Restate word for word the entries below, starting at the line with "Italian Basil Chicken" and ending at the line with "Mexen Lena perem". Keep both end lines and omit the pictures.

* [Data shown]:
Start of Block

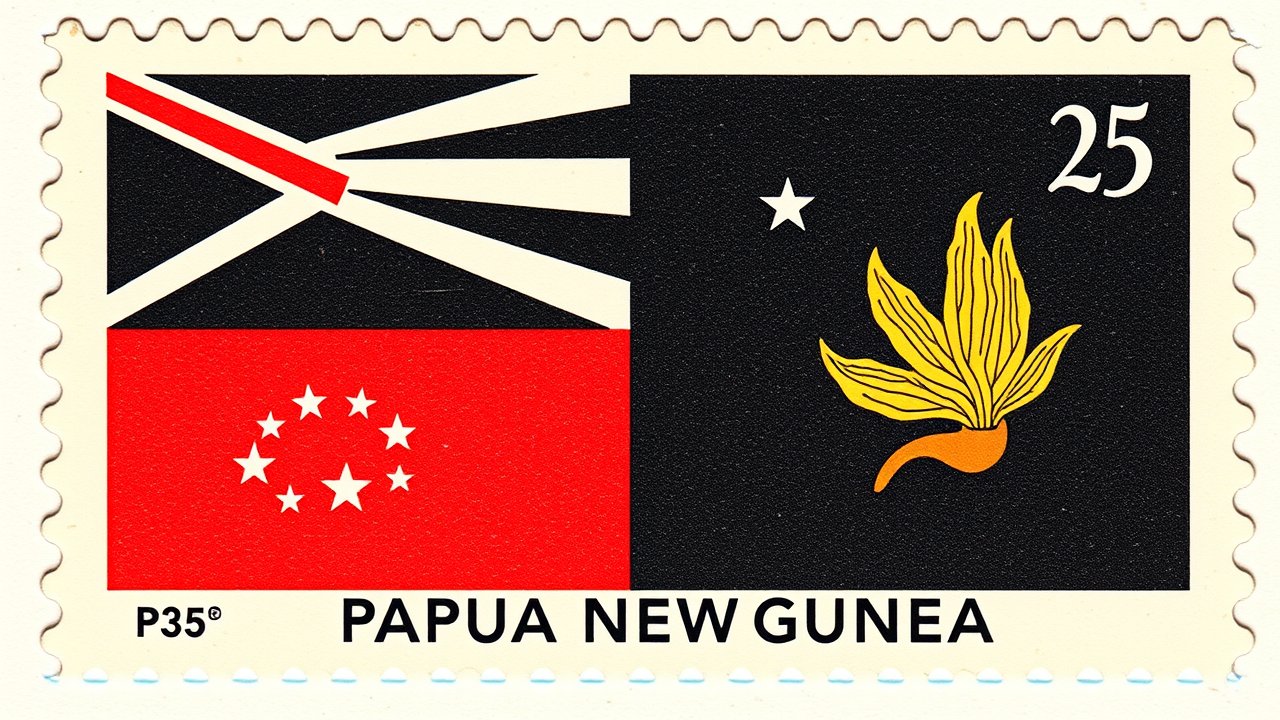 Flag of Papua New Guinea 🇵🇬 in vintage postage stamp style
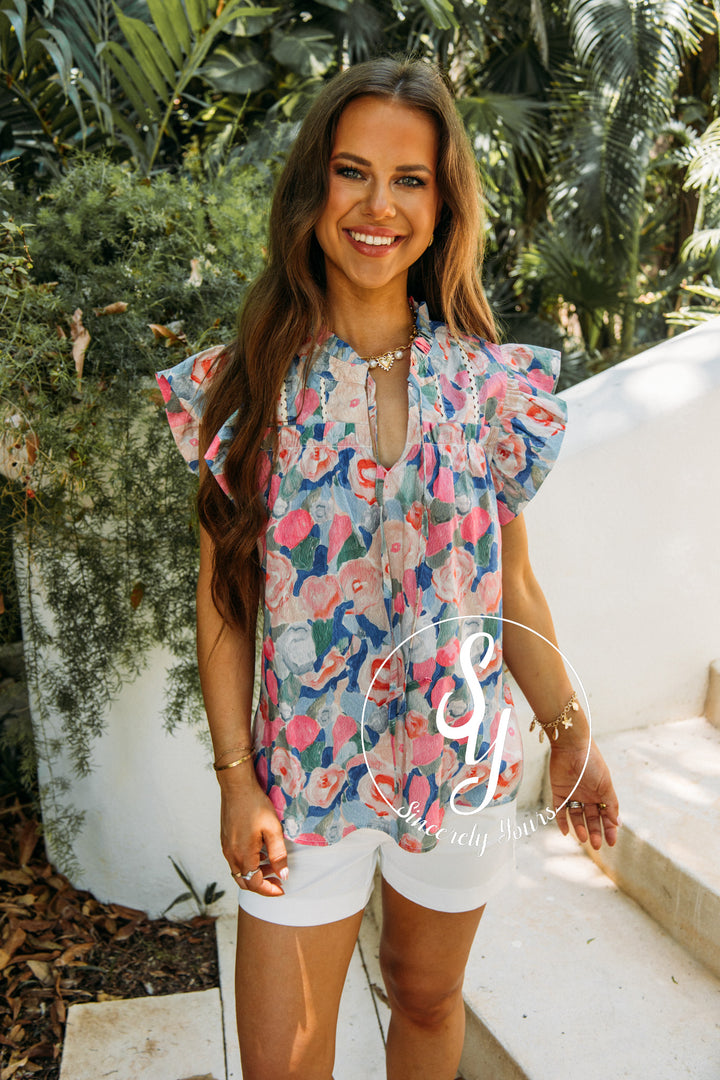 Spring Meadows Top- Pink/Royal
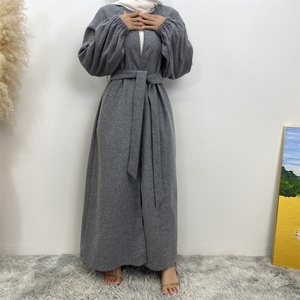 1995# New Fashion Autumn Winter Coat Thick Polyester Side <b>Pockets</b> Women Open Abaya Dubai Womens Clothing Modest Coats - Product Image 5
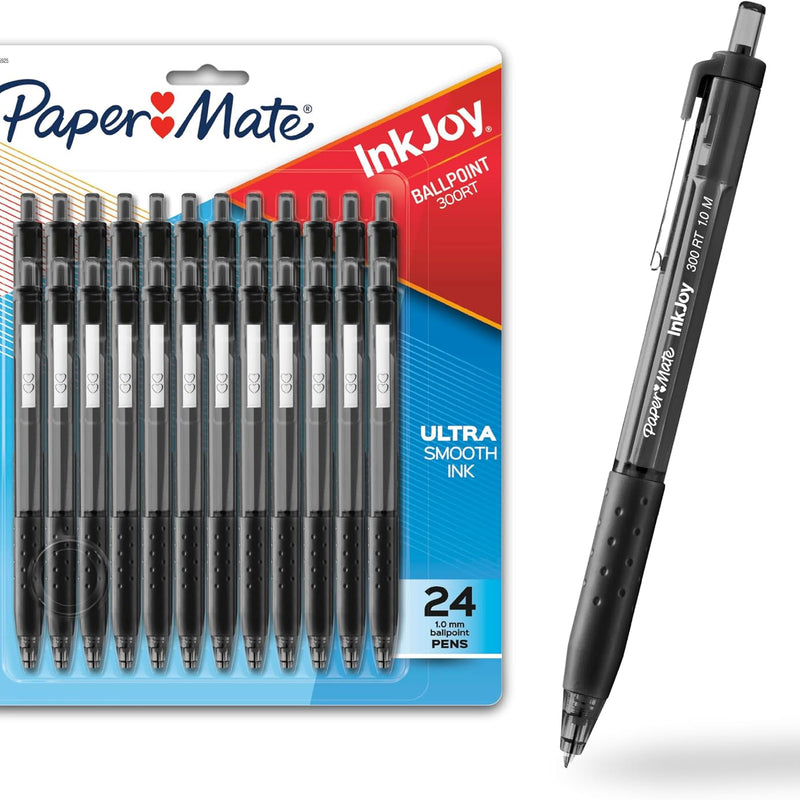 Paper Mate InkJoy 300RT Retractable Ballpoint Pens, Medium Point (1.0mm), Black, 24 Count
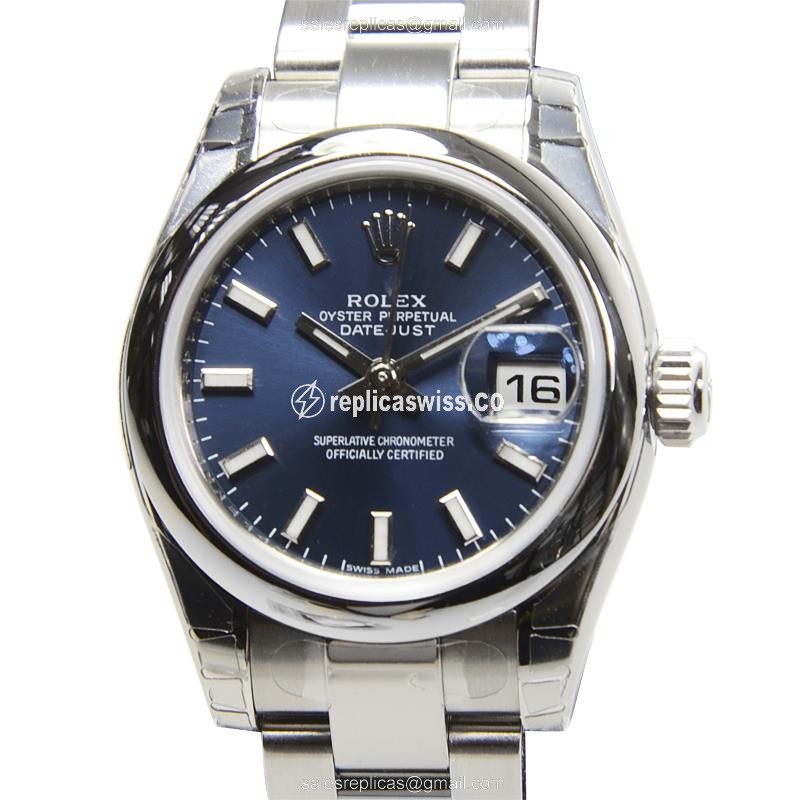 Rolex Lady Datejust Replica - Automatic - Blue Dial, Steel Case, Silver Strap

End of Block
Start of Block

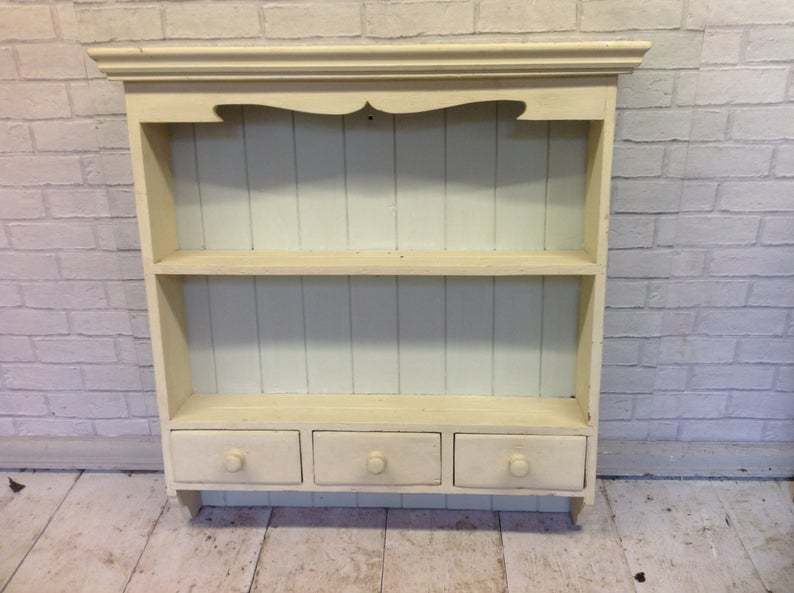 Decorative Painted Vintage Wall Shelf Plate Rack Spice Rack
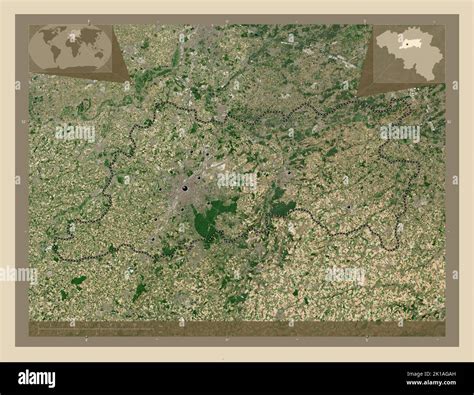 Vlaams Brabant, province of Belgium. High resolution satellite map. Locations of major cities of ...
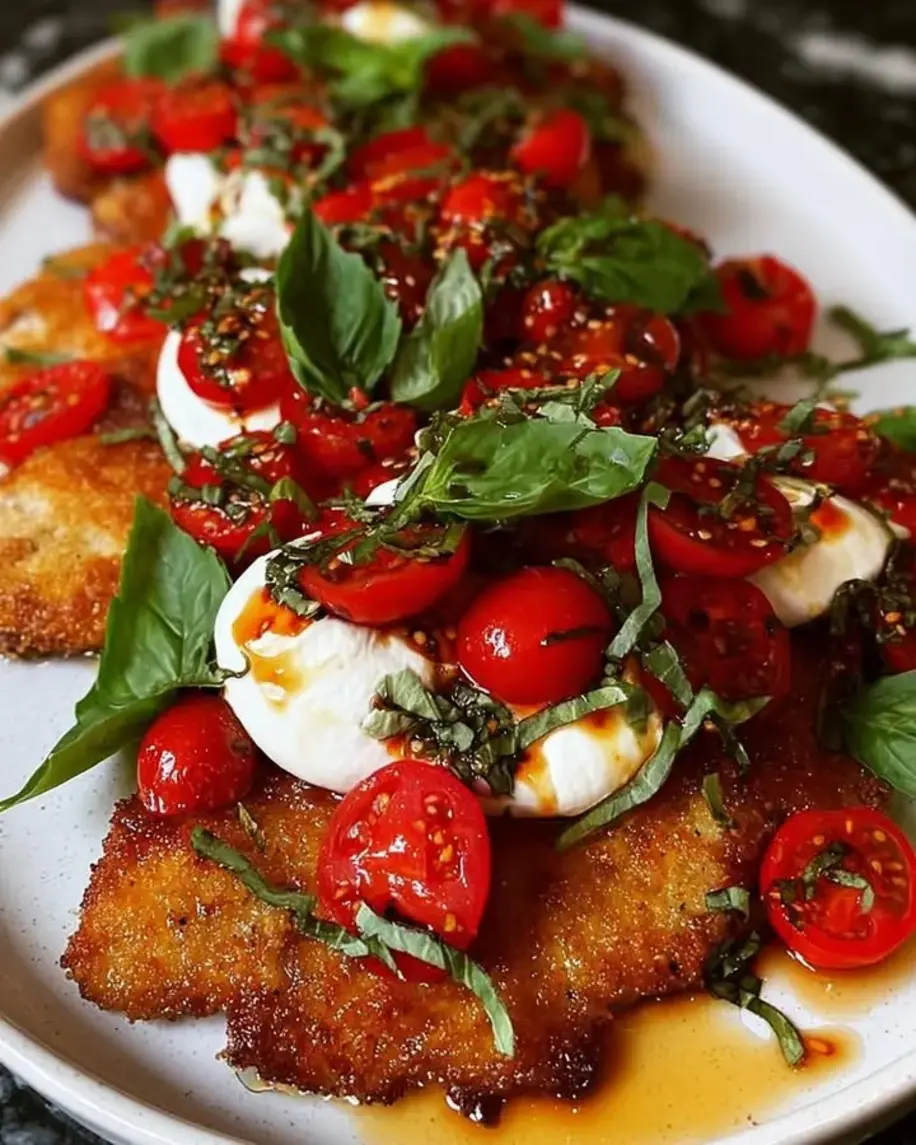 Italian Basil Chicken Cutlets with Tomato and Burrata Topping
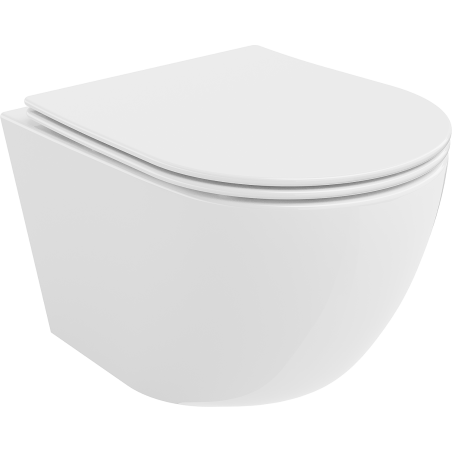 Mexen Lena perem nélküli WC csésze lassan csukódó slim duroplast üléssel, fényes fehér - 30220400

End of Block

* [Task solution]:
 Italian Basil Chicken Cutlets with Tomato and Burrata Topping
 Mexen Lena perem nélküli WC csésze lassan csukódó slim duroplast üléssel, fényes fehér - 30220400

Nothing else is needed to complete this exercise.